The Panel, the functions of which are similar to those of a Constitutional Court, is composed of three effective members (one performing the function of President) and three substitute members. All members are elected by a two-thirds majority of the Great and General Council’s members from among university professors of legal subjects, magistrates and law graduates with at least twenty years of experience in the field of law. The San Marino citizenship does not preclude a person from being elected.
At least one third of the Panel’s members are renewed every two years following the designation, by drawing lots, of two of its members, one effective and one substitute, from among those having served at least for four years during the first mandate. The drawing of lots takes place within the Bureau in the presence of the members of the Panel themselves.
However, the members of the Panel cannot serve for more than two consecutive mandates. Subsequently, they can be re-elected once four years have elapsed since the end of the last mandate. The substitute members may be elected as effective members and the other way round. In this case, the respective periods are aggregated.
After the first mandate, which lasts 4 years, one third of the Panel’s members are renewed every two years.

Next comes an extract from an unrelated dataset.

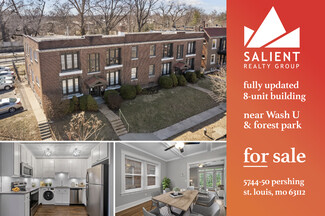 Más detalles para 5744 Pershing Ave, Saint Louis, MO - Edificios residenciales en venta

The Guarantors’ Panel appoints its President for a two-year term, on the basis of the rotating principle, from among its effective members.

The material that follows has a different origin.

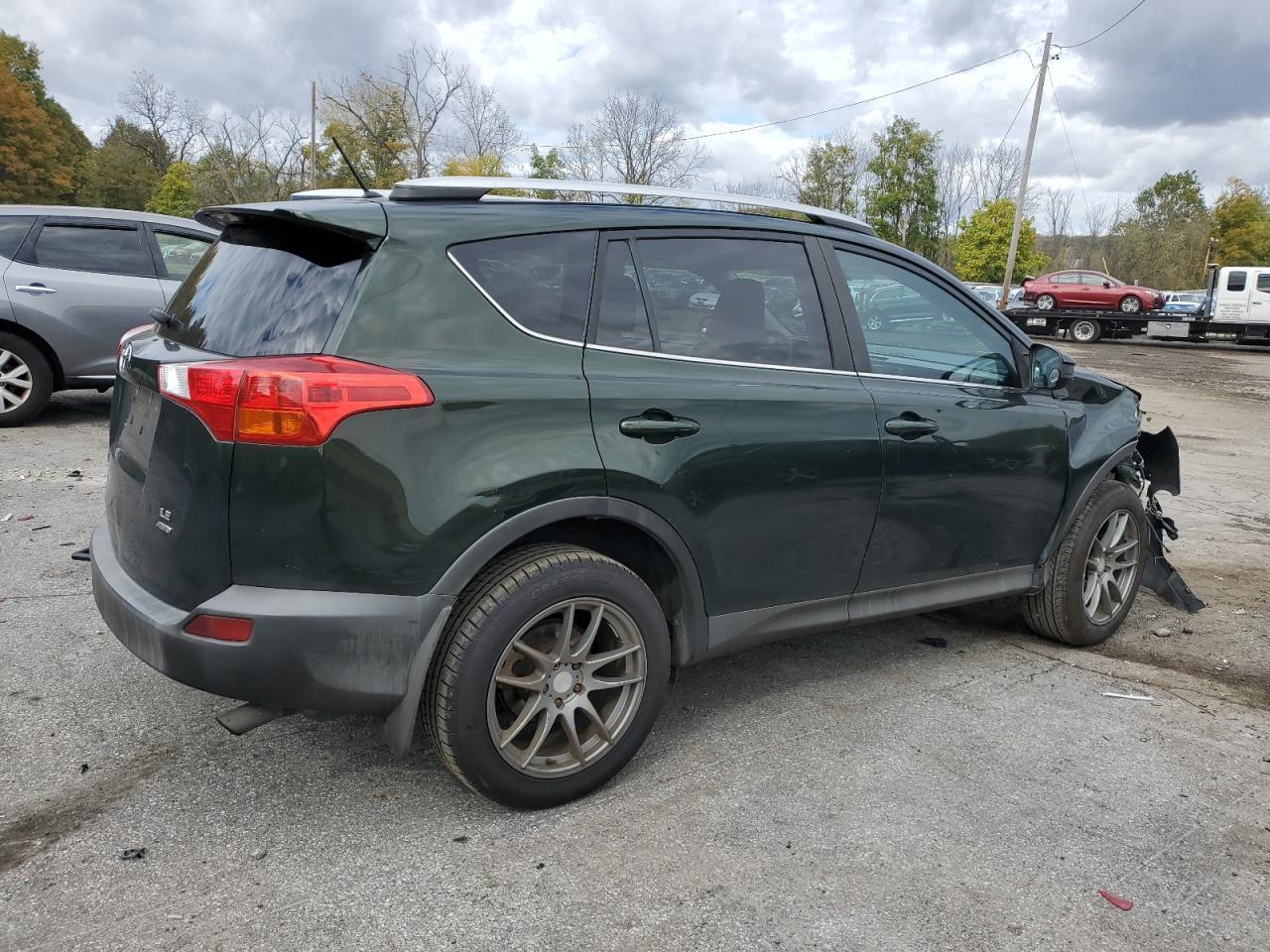 2013 Toyota Rav4 Le - Фото 3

As already pointed out, the functions of the Guarantors’ Panel are similar to those of a Constitutional Court and, more precisely, it shall:
- verify the conformity of laws, of regulations having force of law, as well as of customary rules having force of law, with the fundamental principles of the Declaration on the Citizens’ Rights or mentioned in it, upon direct request of at least twenty members of the Great and General Council, of the Congress of State, of five Township Councils, of a number of citizens making up at least 1.5% of the electorate and, with reference to proceedings pending before the Republic’s courts, upon request of judges or the parties involved;
- decide on the acceptability of referenda proposals;
- decide in case of conflicts between constitutional bodies;
- act as “Regency Syndicate”.
Besides the “constitutional” functions, with the transitional rule of the Declaration on the Citizens’ Rights introduced by Article 9 of the Constitutional Revising Law no. 36/2002, the Guarantors’ Panel composed of a single member has been entrusted with jurisdictional functions once performed by the Council of the Twelve and the Great and General Council. In particular, these functions include: decisions on disputes among jurisdictions and on the abstention and objection of magistrates; decisions, upon request of the parties involved, in case of difference between first and second degree judgements, both civil and administrative, and; decisions on appeals for the review of criminal judgements and on querela nullitatis and restitutio in integrum extraordinary remedies against final civil judgements. With the approval of the Judicial System (Constitutional Law no. 144/2003 and Qualified Law no 145/2003), the majority of these functions has been assigned to ad hoc Judges - that is to say to the Highest Judge of Appeal in Criminal Matters, the Highest Judge of Appeal in Civil and Administrative Matters and the Judge of Extraordinary Remedies in Criminal Matters. The Panel is still responsible for querela nullitatis and restitutio in integrum remedies since the Judge of Extraordinary Remedies in Civil Matters has not been appointed yet.
Moreover, according to Constitutional Law no. 144/2003, the Guarantors’ Panel is responsible for deciding on the abstention and rejection of the Judges of Extraordinary Remedies and of Judges for Civil Liability Actions (verifying the civil liability of magistrates) (Article 5), as well as for reviewing the magistrates (Articles 7 and 8).